Photo by Xinhua/Sipa USA


A previously deported U.S. Army veteran will travel to the Dominican Republic this week to visit "dozens" of other deported veterans living in the Caribbean nation. 

Hector Barajas-Varela, who became a United States citizen earlier this year, and a team of four other advocates will fly to Santo Domingo on Tuesday to bring computers, printers, and other equipment that will connect the veterans with resources and family back home. It will be their first trip visiting with deported American veterans outside of Mexico. 

“One of the biggest things is to remind them that they’re not forgotten,” Barajas-Varela told Connecting Vets. “In Mexico, we’re getting a lot of visits at the different bunkers we have, in Juarez and in the valley near Texas, but it’s very rare that these guys are ever getting visited, it should be a good morale booster.”

Barajas-Varela's' team seeks to connect the veterans with, legal services, and help them with filing VA claims, but it'll also be a chance for them a to see just how many veterans are deported to the Dominican Republic. He's expecting dozens, but the number of deported veterans there could be as high as several hundred. 

“A lot of deported veterans are Vietnam-era veterans, so a lot of these guys don’t use Facebook or twitter and it’s hard to find out how many there are," says Barajas. 

He was born in Mexico, but he grew up in Los Angeles, Calif. Barajas-Varela became a permanent resident in 1992, and was given a green-card. In 1995, he joined the Army as a vehicle mechanic and was assigned to the 82nd Airborne Division at Fort Bragg, N.C. He was honorably discharged in 2001. His legal residency was lost after he was convicted of shooting at an occupied vehicle in L.A. 

There were no injuries, but Barajas-Varela spent 13 months in prison and another month on parole.

In 2004, he was deported to Mexico, and lived in a Tijuana shelter that he transformed into a harbor for other individuals like him: American veterans who were deported following criminal convictions. He could have applied for U.S. citizenship before he left the Army, but had mistakenly believed that serving in the military automatically granted it. 

At the end of April, California Gov. Jerry Brown (D) pardoned Barajas for the crime that led to his deportation, which provided a pathway for his citizenship. 

Since 2013, the Deported Veterans Support House, or "bunker" as its known, has served 20 people.
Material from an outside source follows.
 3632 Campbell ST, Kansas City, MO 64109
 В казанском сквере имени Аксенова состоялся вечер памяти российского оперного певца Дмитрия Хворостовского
The Support House provides legal and other services to deportees adjusting to their new surroundings and life outside the United States. 

Barajas-Varela said the Bunker has made contact with hundreds of deported veterans in 42 countries. 

Despite gaining citizenship, Barajas-Varela said he plans on splitting time between Los Angeles and Mexico for another year to continue his work supporting deported vets. 

"I just want to leave something in place for someone else to pick up the work," he added. "Leaving some kind of structure in place so it can continue no matter how much involvement I have with it in the future." 

"That's something we were taught in the military," said Barajs-Varela.